[DATA Boundary: Start]

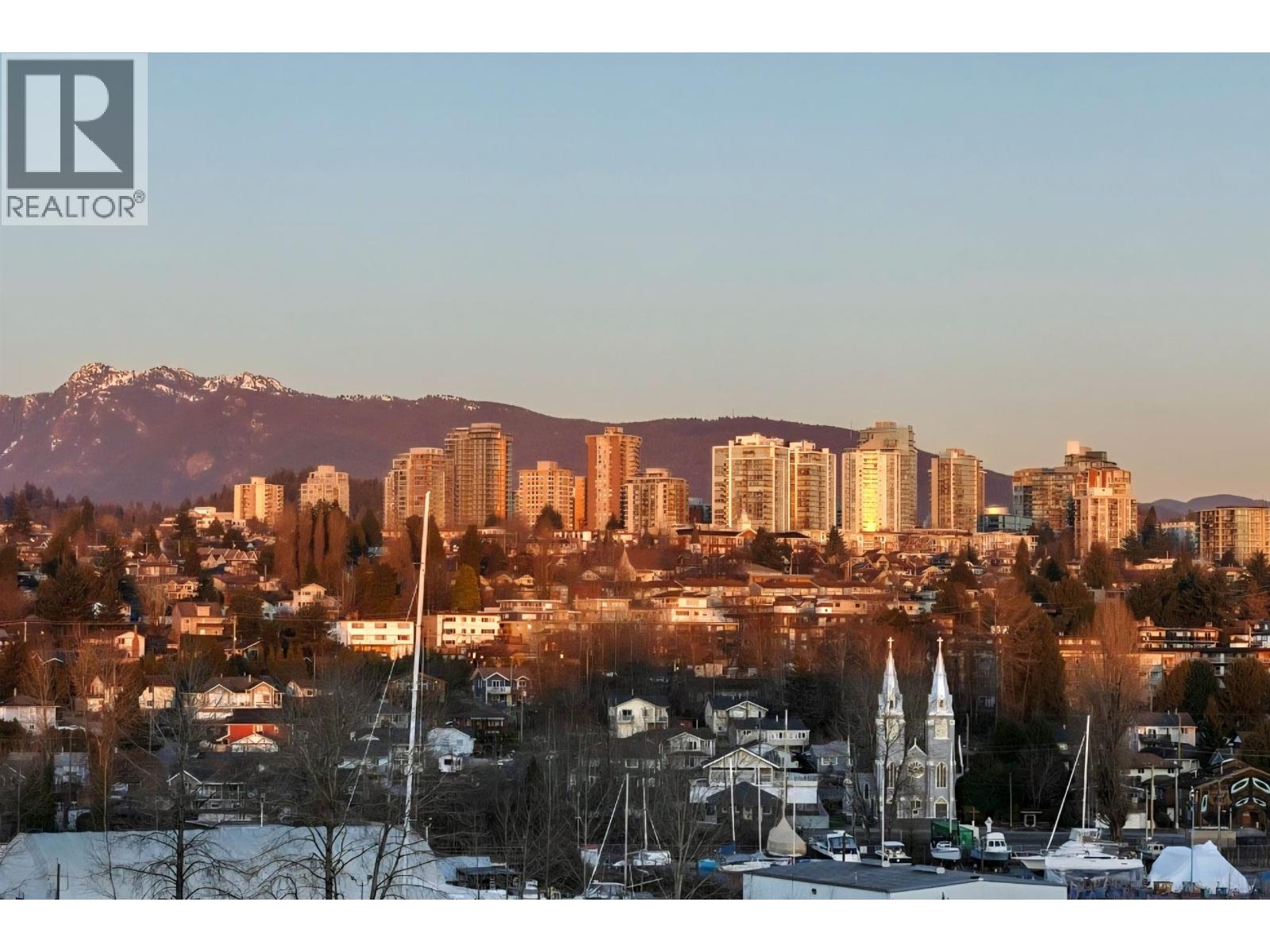 322 755 Harbourside Drive, North Vancouver, British Columbia  V7M 3G3 - Photo 3 - R3083631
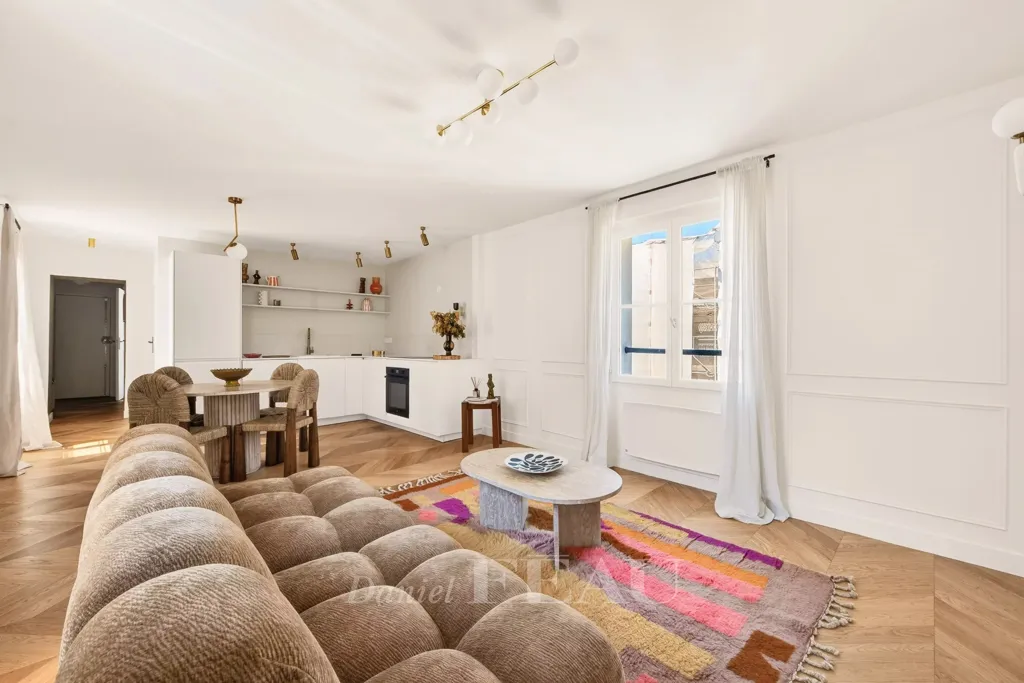 Elutuba - Renovated Flat with Double Aspect in Paris IVe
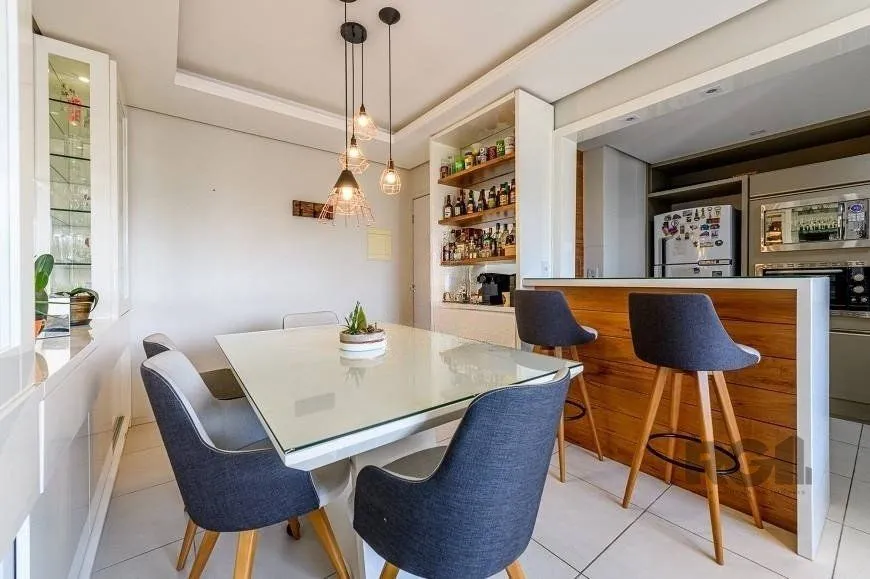 Imagem Apartamento 68 m² mobiliado, 2 dormitórios, sendo 1 suíte e 1 vaga.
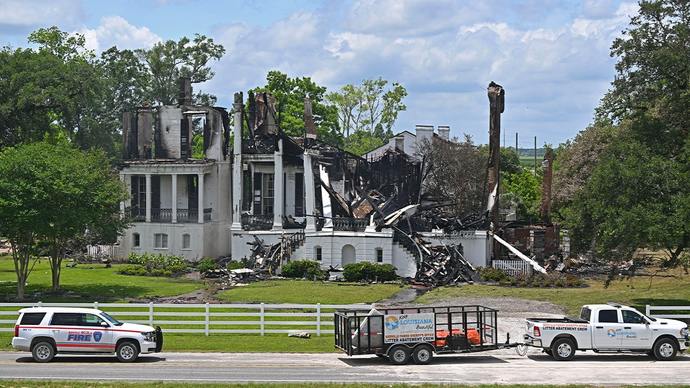 What Are Your Opinions With Largest Antebellum Mansion Catching On Fire?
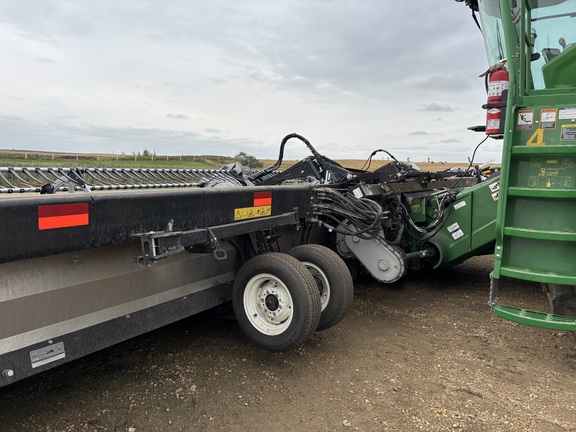 2022 MacDon FD240 Header Combine
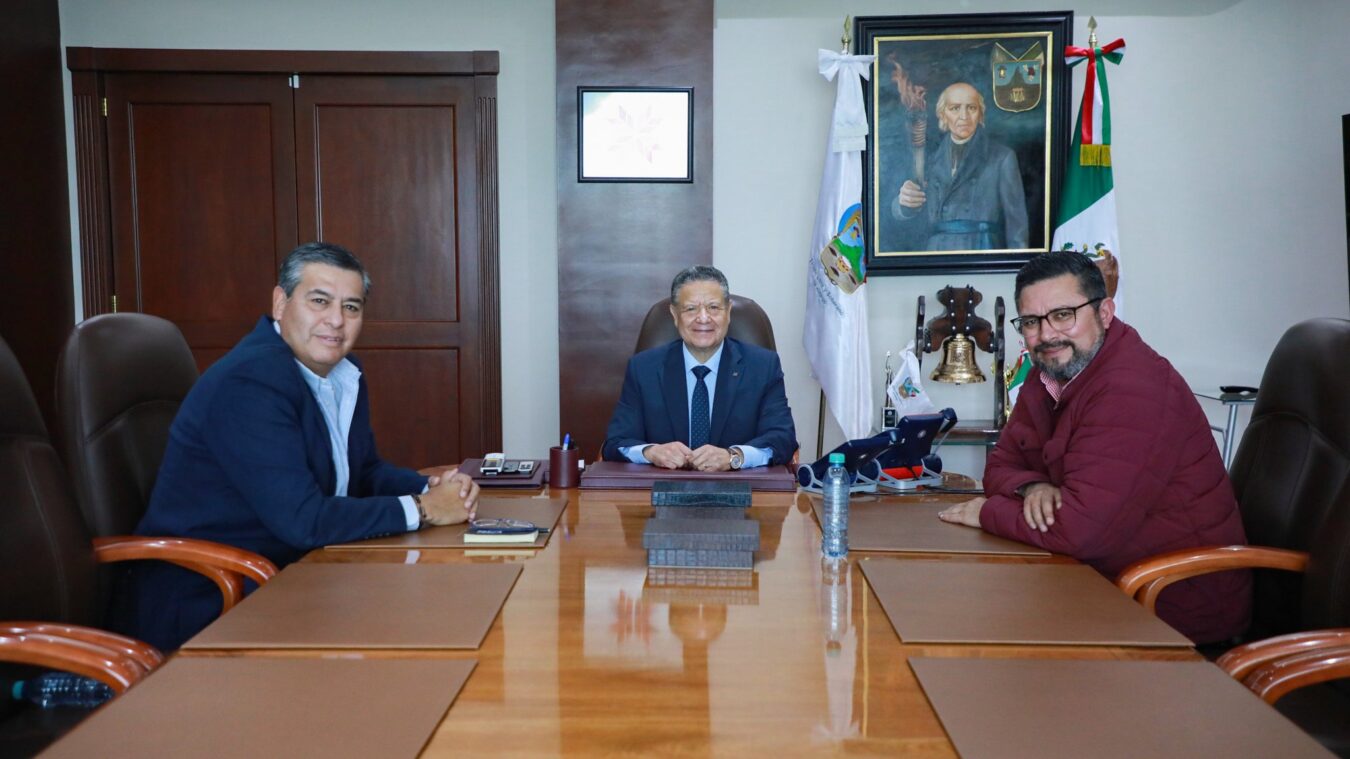 Recibe Menchaca a dirigentes de Morena.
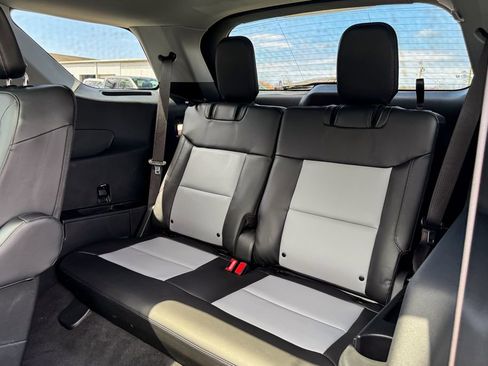 Certified 2022 Ford Explorer XLT w/ Equipment Group 202A AWD/4WD image 22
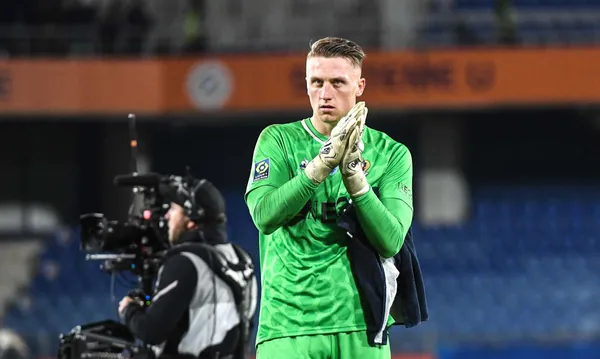 Marcin Bułka nadal jest niepokonany. Niesamowita statystyka polskiego bramkarza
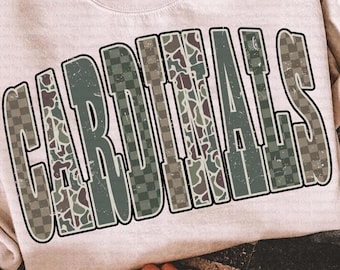 カーディナルズPNG、迷彩柄マスコットデザイン、バーシティチームスピリット昇華プリント、レトロゲームデースポーツPNG、スクールスピリットウェアシャツデザイン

[DATA Boundary: End]

■ WORK ITEM: Leaving out the pictures, output the listing above exactly as given.

■ YOUR SOLUTION:
 322 755 Harbourside Drive, North Vancouver, British Columbia  V7M 3G3 - Photo 3 - R3083631
 Elutuba - Renovated Flat with Double Aspect in Paris IVe
 Imagem Apartamento 68 m² mobiliado, 2 dormitórios, sendo 1 suíte e 1 vaga.
 What Are Your Opinions With Largest Antebellum Mansion Catching On Fire?
 2022 MacDon FD240 Header Combine
 Recibe Menchaca a dirigentes de Morena.
 Certified 2022 Ford Explorer XLT w/ Equipment Group 202A AWD/4WD image 22
 Marcin Bułka nadal jest niepokonany. Niesamowita statystyka polskiego bramkarza
 カーディナルズPNG、迷彩柄マスコットデザイン、バーシティチームスピリット昇華プリント、レトロゲームデースポーツPNG、スクールスピリットウェアシャツデザイン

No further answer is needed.